The Blue Butterfly Collaborative takes a unique approach to children’s educational media and its impact in international development. With the goal of helping media producers in low- and middle-income countries produce, design and distribute high-quality educational media for young children, Blue Butterfly partners with organizations on the ground in different countries in order to develop media programs that are both educationally appropriate and culturally sensitive to the specifics of the particular region.
Blue Butterfly was co-founded by Dr. Charlotte Cole, former Senior Vice President of Global Education at Sesame Workshop, and her sister, Suzanne Cole in October 2013. The organization is currently working in Ethiopia, partnering with WhizKids Workshop on its Healthy WhizKids TV program that educates children and parents about healthy lifestyles, and in Haiti, developing a media program called Lakou Kajou that uses original animated characters to teach curricular skills.
Lakou Kajou follows brother-and-sister six-year-old twins Lili and Tilou on their adventures. Each episode will center around a different theme—for example, plants and growing—and, much like Sesame Street, will combine live-action and animated segments in order to teach children basic literary and mathematical concepts. The first six episodes of the program are set to be released by the end of 2015.
The characters of Lili, Tilou and their pet gecko Zandolin were designed by Chevelin Pierre, a Haitian illustrator and comic book artist based in Port-au-Prince, who is just one of many Haitian professionals with whom Blue Butterfly is collaborating for this project. "All of the creative drive comes from our partners," Dr. Cole explains. "We’re catalysts for local teams—they’re the ones that develop essentials such as the program name and the characters. We provide a framework and a production process."

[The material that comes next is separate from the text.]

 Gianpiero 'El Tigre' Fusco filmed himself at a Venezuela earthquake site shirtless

The show will be broadcast on television and available through the Internet. Blue Butterfly also plans to present the videos to children in remote regions of Haiti through partnerships with community organizations and schools. "We have a crowd-funding site on HIPGive to raise money for those community viewing events," says Suzanne Cole. "Funds raised through the crowdfunding campaign will go toward coordinating the events with our community partners and placing the content on tablet computers in Haitian schools."

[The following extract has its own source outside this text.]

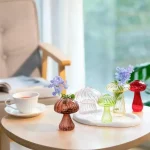 Vasi a forma di funghi in vetro colorato con fiori di lavanda, decorazioni scientifiche per la casa.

Blue Butterfly follows a unique model in its approach to international development. Rather than being uni-directional, i.e. "teaching people to fish instead of giving people fish," the organization believes in a multi-directional structure, Dr. Cole says. "While [the fish model] is preferable to providing a hand-out, we see it as having a flaw," she explains. "It’s uni-directional – experts building local capacity. We believe that international development projects work best when there is a rich dynamic between all players, where everybody is an expert and everybody is a learner." And that’s why the organization’s name deliberately includes the word 'collaborative.' "We’re really oriented towards that belief that we’re all working as a team and we’re there to support and catalyze change," Dr. Cole adds.
Blue Butterfly targets young children up to age 12. This emphasis on early childhood education as key to international development is very much aligned with—and even ahead of—current international discussions. In September, the United Nations will implement the Sustainable Development Goals, which will replace the Millennium Development Goals when they expire at the end of 2015. Included in the Sustainable Development Goals are specific objectives related to early childhood development, recognition that Dr. Cole says is particularly important to Blue Butterfly’s work.
The organization’s ultimate goal is to build a network of producers and educators who can work together and help each other in educating children around the world. "Education is at the heart of all human development," says Dr. Cole. "When people are educated they are more able to contribute to their own societies in a more positive and productive way. We’re hoping to increase the odds that children, particularly children in disadvantaged and disenfranchised situations, gain access to educational opportunities."